Usually the testator, which is the legal term for the person making the Will, will specify if the contents are to be inherited with the house. It is a personal choice, some people will want to leave the house and contents to the same person and others will specify that the contents or personal effects are to go to someone else or be divided between family members.
What happens if a person makes a will leaving their house to somebody and they subsequently sell that house?
The first point is that when a person makes a will that that does not prevent them from dealing with their assets, whether it is a house or money or shares that you are talking about. So to answer the question this bequest is said to lapse – the person named in the will does not get anything.
What makes a will valid?
- The author must be over 18.
- The will must be in writing.
- The author must be of sound mind at the time.
- The author must sign or mark the will in the presence of two witnesses.
- The two witnesses must sign the will in the author’s presence.
- The authors’ two witnesses cannot be people who will gain or someone whose spouse will gain from the will and they must be present with the author at the same time for their attestation to be valid. (The role of the executor is to carry out the instructions in the will and unlike the witnesses they may or may not gain from the will, again this is a personal decision for the person making the will. The executor however is not entitled to receive payment for his role but will be reimbursed for out of pocket expenses).
- The witnesses must see the author sign the will but they do not have to see what is written in it.
- The signature or mark must be at the end of the will.
What happens if someone dies without a will or if a will is deemed invalid?
- As we said earlier a person who dies without a will is said to have died ‘intestate’.
- If someone dies intestate, it means the person’s estate, or everything that they own, is distributed in accordance with the law by an administrator.
- In these cases, debts and expenses are firstly deducted, then the estate is distributed as follows if you are survived by:
- A spouse but no children (or grandchildren): your spouse gets the entire estate.
- A spouse and children: your spouse gets two-thirds of your estate and the remaining one-third is divided equally among your children. If one of your children has died, that share goes to his/her children.
- Children, but no spouse: your estate is divided equally among your children (or their children).
- Parents, but no spouse or children: your estate is divided equally between your parents or given entirely to one parent if only one survives.
- Brothers and sisters only: your estate is shared equally among them, with the children of a deceased brother or sister taking his/her share.
- Nieces and nephews only: your estate is divided equally among those surviving.
- Other relatives only: your estate is divided equally between the nearest equal relationship.
- In the absence of a will and of any relatives the estate goes to the state – but this is a very rare occurrence.
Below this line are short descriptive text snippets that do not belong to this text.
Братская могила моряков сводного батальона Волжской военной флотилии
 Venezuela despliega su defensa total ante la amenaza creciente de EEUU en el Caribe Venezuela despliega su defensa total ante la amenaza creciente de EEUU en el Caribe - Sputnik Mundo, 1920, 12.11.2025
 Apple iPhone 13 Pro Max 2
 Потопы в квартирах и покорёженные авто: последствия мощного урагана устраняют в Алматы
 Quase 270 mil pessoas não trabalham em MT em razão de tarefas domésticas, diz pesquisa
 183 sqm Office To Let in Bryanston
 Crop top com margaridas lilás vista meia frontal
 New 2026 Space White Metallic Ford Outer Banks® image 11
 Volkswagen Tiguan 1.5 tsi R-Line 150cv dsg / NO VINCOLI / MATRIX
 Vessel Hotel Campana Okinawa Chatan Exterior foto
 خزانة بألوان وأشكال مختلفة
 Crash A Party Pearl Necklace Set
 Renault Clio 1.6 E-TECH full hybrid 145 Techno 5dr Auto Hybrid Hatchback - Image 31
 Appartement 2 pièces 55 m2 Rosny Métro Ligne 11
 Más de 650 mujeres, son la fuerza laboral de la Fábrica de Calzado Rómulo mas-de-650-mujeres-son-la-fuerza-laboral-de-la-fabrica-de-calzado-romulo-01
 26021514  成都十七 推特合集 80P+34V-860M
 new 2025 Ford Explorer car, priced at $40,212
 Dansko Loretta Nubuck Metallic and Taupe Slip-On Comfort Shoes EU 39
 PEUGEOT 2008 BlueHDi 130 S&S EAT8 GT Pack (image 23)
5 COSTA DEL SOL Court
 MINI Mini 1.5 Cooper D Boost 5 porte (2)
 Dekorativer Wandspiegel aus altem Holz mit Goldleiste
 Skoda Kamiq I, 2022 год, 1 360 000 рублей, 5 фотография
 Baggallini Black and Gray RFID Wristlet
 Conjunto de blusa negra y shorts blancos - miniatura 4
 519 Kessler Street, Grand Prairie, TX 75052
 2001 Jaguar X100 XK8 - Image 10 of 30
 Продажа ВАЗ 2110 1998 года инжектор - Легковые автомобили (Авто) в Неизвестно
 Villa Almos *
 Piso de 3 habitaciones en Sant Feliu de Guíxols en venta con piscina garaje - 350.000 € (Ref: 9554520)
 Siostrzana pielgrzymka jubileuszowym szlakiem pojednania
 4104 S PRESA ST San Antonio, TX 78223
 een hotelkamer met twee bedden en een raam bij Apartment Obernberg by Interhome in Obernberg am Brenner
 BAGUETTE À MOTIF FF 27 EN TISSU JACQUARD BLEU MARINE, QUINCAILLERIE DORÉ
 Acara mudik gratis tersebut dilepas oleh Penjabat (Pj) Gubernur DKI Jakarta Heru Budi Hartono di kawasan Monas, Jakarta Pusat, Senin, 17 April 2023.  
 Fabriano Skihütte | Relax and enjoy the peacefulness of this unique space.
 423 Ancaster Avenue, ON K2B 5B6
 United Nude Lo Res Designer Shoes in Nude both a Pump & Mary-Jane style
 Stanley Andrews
Can wills be changed or updated?
A Will can be changed and updated as often as one chooses
A person can make a Will today and change it as often as they wish afterwards. It is important to review the Will regularly.
A Will can be revoked in its entirety and an entirely new Will prepared
Specific parts of the Will can be altered by making what is called a codicil – which is an amendment to the Will without altering or reviewing the entire Will.
It is recommended that people review their Wills regularly.
Can a Will be challenged?
If the author of a will is married and excludes their spouse from the will the spouse is entitled to a ‘legal right share’. That means that a spouse cannot be dis-inherited.
A spouse who has been excluded from a will is entitled to half the estate if there are no children. This share takes priority over all other provisions.
A spouse who has been excluded from a will is entitled to one-third of the estate if there are children. This share takes priority over all other provisions.
Children however, who have been excluded from a will do not have the same entitlements – their circumstances dictate their entitlements.
There are a number of other situations where wills can be challenged.